Seu voo está marcado para amanhã às nove.
- Filho da...
- Ei! Me respeita e respeita a minha mãe. Você vai ficar na casa da
Manu. Ela já providenciou a limpeza da casa, as compras e tudo o que
você vai precisar para essa semana. A passagem de volta está marcada
para segunda-feira às vinte e duas horas.
- Por falar nisso, como ela está? Como vocês estão?
- Bem! Estamos bem! Ela está super empolgada com o término da
faculdade e ainda mais com o desafio de cuidar "sozinha" das pousadas.
Eu confio na competência e habilidade dela. Ela vai se dar bem.
- Eu também acredito que sim, mas vocês não vão completar quatro anos
de casados nesta semana?
- Cinco anos e sim, mas como eu disse ela está tão empolgada para
exercer o seu primeiro trabalho como dona do negócio que aceitou deixar
para comemorarmos quando eu retornar. Fizemos uma festinha para
comemorar o término da faculdade e isso já a deixou feliz.
- Eu acho isso estranho. Você poderia ter adiado essas viagens. Não será
fácil uma novata lidar com a alta temporada na pousada.

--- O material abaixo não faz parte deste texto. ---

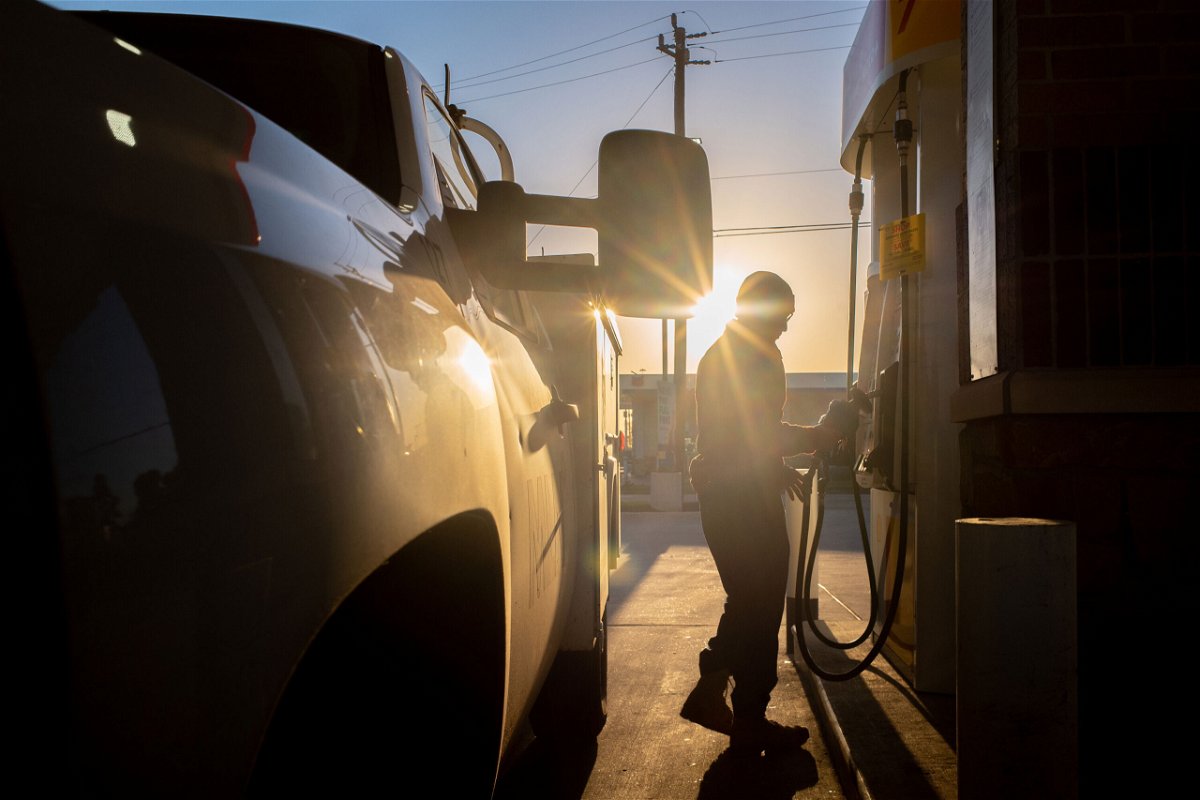 <i>Brandon Bell/Getty Images</i><br/>A person finishes pumping gas at a Shell station on April 1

- Mulheres! Você sabe como são teimosas.
- E eu também sou. Agradeço a sua preocupação quanto a mim, mas eu
vou negar o seu presente.
- De maneira alguma. Depois de tanto trabalho? A Manu vai te odiar se
você não for.
- Que merda!
- Cara, para de reclamar! Vai curtir a vida.
- Curtir o que sozinho? É claro que eu levaria o Skoob, mas se for para
ficar trancado em casa com o meu cachorro eu fico no meu apartamento
mesmo.
- Meu! Natal! Verão! Alta temporada! Mulheres! Você só vai ficar sozinho
se quiser.
- Odeio o verão!
- E eu não sei como os seus funcionários te suportam.

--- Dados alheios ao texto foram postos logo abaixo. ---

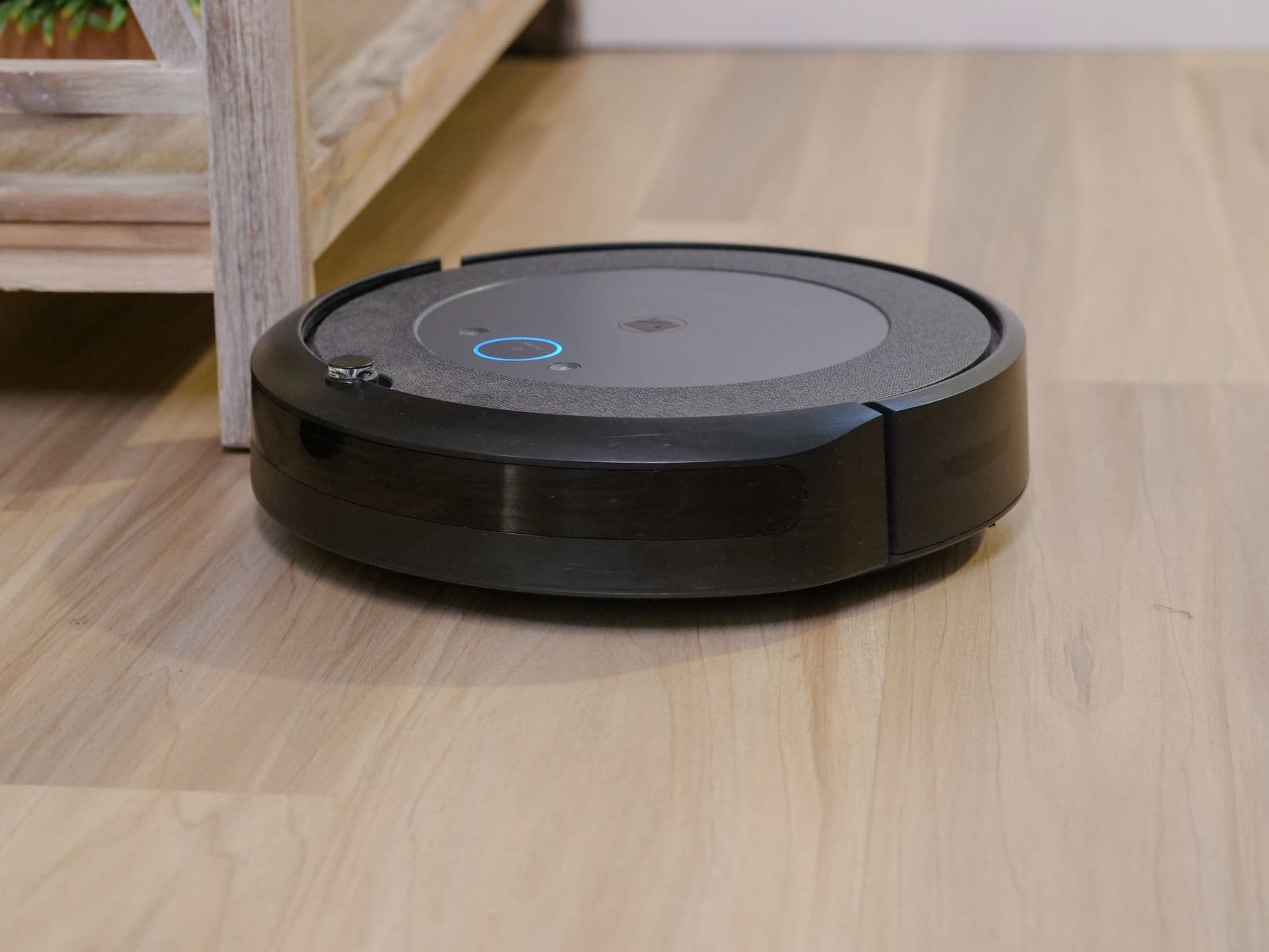 A robot vacuum moving across a wooden floor indoors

- Eu não sou tão ruim assim. Até dei um presente de casamento para a
Cláudia.
Ana bate na porta e gentilmente Henrique a manda entrar.

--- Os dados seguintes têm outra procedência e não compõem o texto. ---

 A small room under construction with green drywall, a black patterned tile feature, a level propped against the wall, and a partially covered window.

- Senhor, só para lembrar que já se passaram os cinco minutos. E senhor
Aislan, o meu nome é Ana. Ana!
- Pode fazer a ligação... E Ana, o Aislan me contou que te deu um
presente de casamento. Posso saber que presente foi esse?
- Sim! Ele nos deu um faqueiro de 48 peças no valor de R$ 800,00, muito
chique. Quer dizer, chique demais. Eu nem sei quando vou usá-lo, talvez
no Natal, talvez. Eu não sei. A minha família é muito simples e até que eu
queria dar uma big festa lá em casa para comemorar o casamento, mas
não estamos em condições financeiras... Então eu vou deixar guardado...
Quem sabe um dia...
- Não reclama! Cavalo dado não se olha os dentes e se não tem utilidade
pode vender.
- Não senhor Aislan. Eu não vou vender. Presentes são presentes e
presentes não se vendem, nem se doam... Não se jogam fora...
- Exatamente! E presentes não podem ser negados. Levanta essa bunda
daí e aceita o meu presente. Vamos! Eu tenho negócios a tratar. Ana pode
fazer a ligação. Mais uma vez, obrigado.
- Sim senhor e disponha. Com licença.
Ana se retira. Aislan, sem saída, levanta-se dando o lugar para o seu sócio e
não encontrando mais argumentos, junta os seus pertences enquanto Henrique
atende o senhor Alcântara. Antes de sair da sala, Aislan dá um beijo na
cabeça de Henrique que pede um minuto para o senhor Alcântara e tapa a
saída de áudio do telefone.
- Vai nessa, irmão! Divirta-se! E ah... Eu deixei um presente lá pra você.
- Até imagino o que seja, mas eu vou deixar para agradecer depois que
eu voltar. Até mais, irmão e você vai me pagar por isso.
- Faço questão de pagar para ver. Boa viagem!